Result: from wild Radix Glycyrrhizae rhizome, isolate endogenetic fungus RE4; Carrying out morphology according to " classification of fungi ", " fungi identification handbook " and " Dendrochium diagram " identifies; Its colony characteristics and spore shape are very close with Aspergillus bacterium characteristic, and the spore microstructure is as shown in Figure 1;
Molecular Identification: endogenetic fungus RE4 fermented liquid suction filtration gets mycelium with 25% ethanol rinsing 2 times, the deionized water rinsing of sterilization 2 times, the centrifugal supernatant that goes; Carry out the segmental pcr amplification of purpose after extracting total DNA, the PCR product that will contain target stripe all carries out point sample again, the agarose gel electrophoresis with 2%; Under uv lamp, the purpose band is downcut with scalper; Reclaim test kit with DNA glue and reclaim, preparation competence Bacillus coli cells, with the PCR product with after the pMD18-T carrier is connected; Connect product and join in the competent cell, carry out bacterium colony PCR checking; The PCR that picking list bacterium colony carries out the intestinal bacteria transformant detects, prove the purpose fragment successfully transforms get in the competent cell after, will clone positive strain and serve extra large living worker's biotechnology Services Co., Ltd and check order; The nucleotides sequence of being measured is listed in the ncbi database Application of B LAST and analyzes and carry out homology relatively; And select the 18S rDNA sequence application software CLUSTALX 1.83 of corresponding kind representative strain and MEGA5.03 to grow tree with neighbour's combined techniques (Neighbor-joining) constructing system according to the ultimate principle of molecular biology research; Bootstrap test value >=50% (1000 repeat) is confirmed the classification position of aimed strain;
Endogenetic fungus RE4 genome is after Wyler's process extracts; The gel imaging result is as shown in Figure 2 after adopting pcr amplification; Near 500bp, obtain an amplified fragments (base sequence is seen SEQ ID NO:1), prove successfully from endogenetic fungus RE4 bacterial strain, to extract its genomic dna;
ITS sequence according to endogenetic fungus RE4 is committed to the NCBI webpage; Through Blast search and the high sequence of resulting sequence similarity; And through MEGA5.03 software building systematic evolution tree (see figure 3), the similarity of the ITS sequence of RE4 bacterial strain and Aspergillus bacterium (Aspergillus versicolor, numbering JN545818.1) bacterial strain has all reached more than 98%; Combining form is learned observations, confirms that endogenetic fungus RE4 is that aspergillus versicolor belongs to bacterium (Aspergillus versicolor).

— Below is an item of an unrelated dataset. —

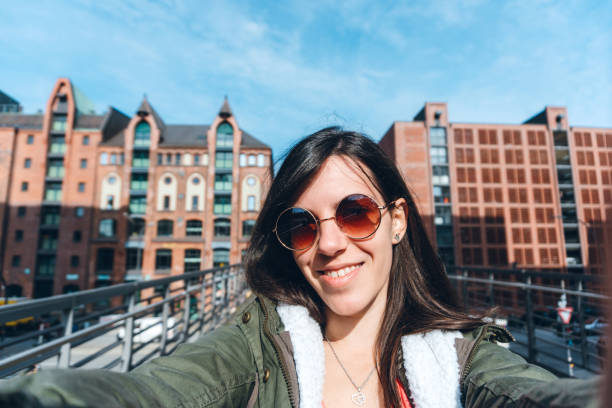 istock Selfie in Hamburg 1216525226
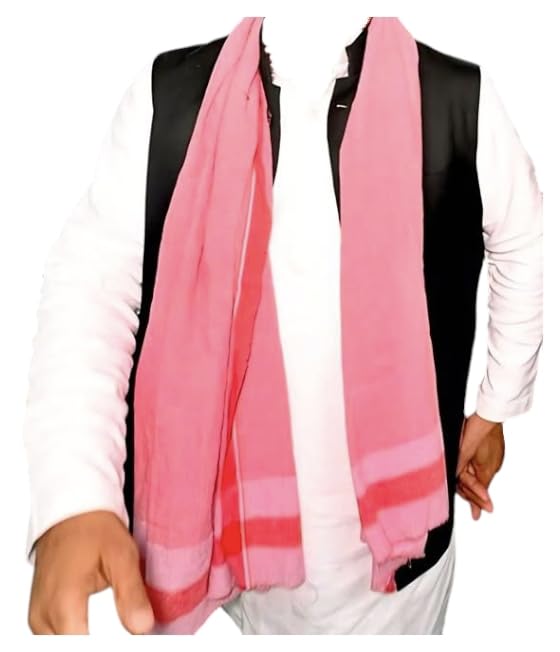 Akhilesh yadav Cotton Gamchha for Men which is Very Soft and Fashionable, Very for Bath face Hand Pack of 1, Size 32 X 70 Inches-picture-16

Aspergillus versicolor in this embodiment (Aspergillus versicolor) RE4; The experimental result that its fermentation Radix Glycyrrhizae is improved glycyrrhetinic acid is as shown in table 1; Endogenetic fungus RE4 fermentation Radix Glycyrrhizae is improved the glycyrrhetinic acid experimental result and shows, endogenetic fungus RE4 can significantly raise glycyrrhetinic acid content wherein through the fermentation Radix Glycyrrhizae.
Table 1
Annotate: compare * P<0.05 with the crude drug group, * * P<0.01; Compare △ P<0.05 with negative control group, △ △ P<0.01; The no glycyrrhetinic acid of PDA contrast produces.

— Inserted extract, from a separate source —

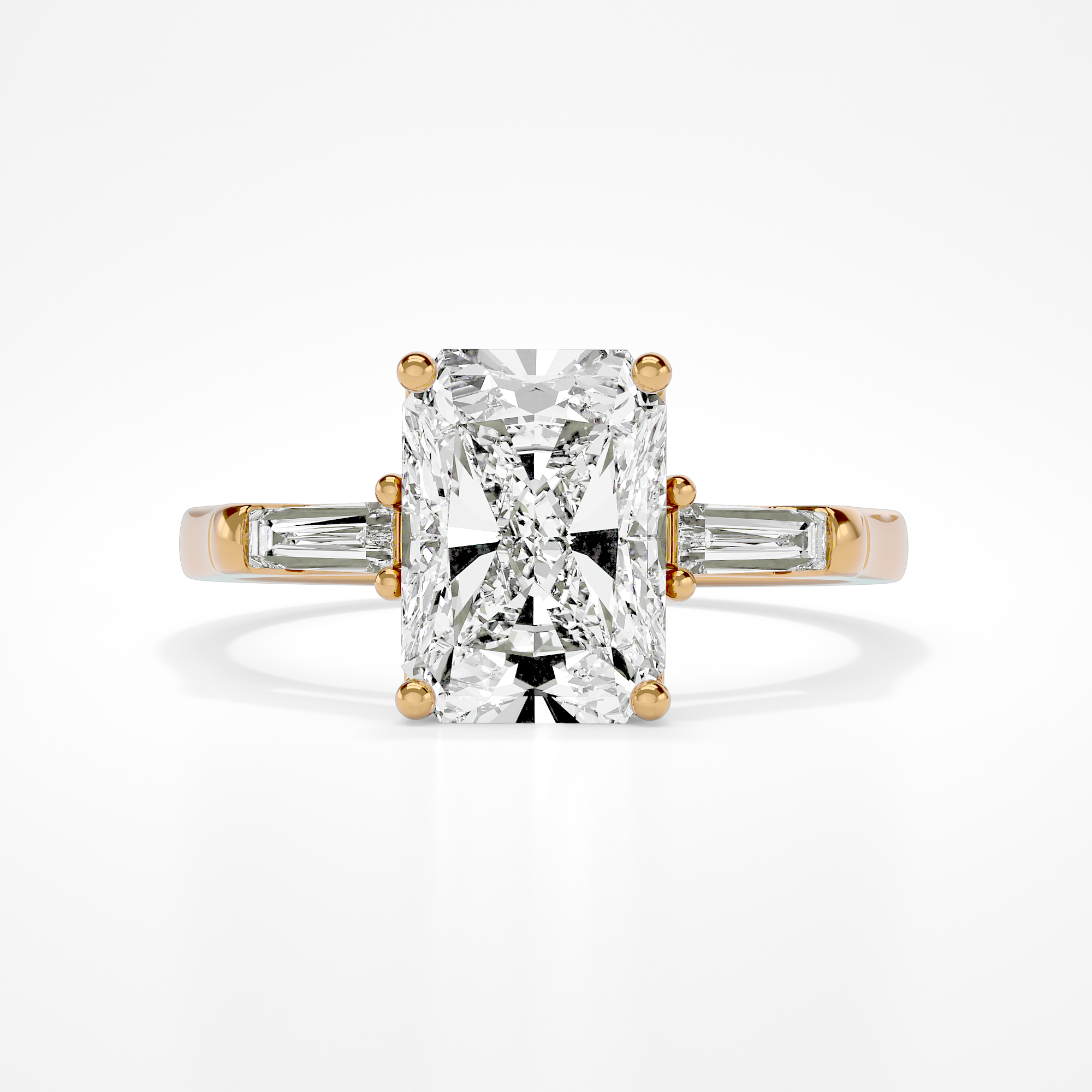 Oriella Radiant with baguette sides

Aspergillus versicolor in this embodiment (Aspergillus versicolor) RE4, the detection that its fermentation Radix Glycyrrhizae is improved glycyrrhetinic acid content is following:
Get dry licorice, pulverize the back with kibbler and cross 40 mesh sieves, accurately take by weighing the 6g licorice powder, put into the 100mL triangular flask, again to the zero(ppm) water that wherein adds 30mL, after the sealing, 121 ℃ of autoclaving 30min.Take out, as substrate.

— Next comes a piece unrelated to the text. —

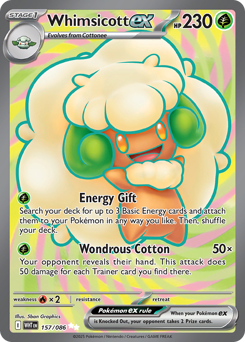 Whimsicott-ex 157/173 NM (ITA)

To adding sterilized water in the activatory endogenetic fungus RE4 bacterial strain test tube, process 1 * 10
6The CFU/mL bacteria suspension is got this bacteria suspension 5mL and is joined in the substrate; Other gets sterilized water that substrate adds equivalent as blank, and in 28 ℃, the 120r/min shaking table was cultivated 14 days with above-mentioned each sample for preparing.Take out, freeze-drying is the Radix Glycyrrhizae fermented sample, and is subsequent use.Each sample is done 6 repetitions.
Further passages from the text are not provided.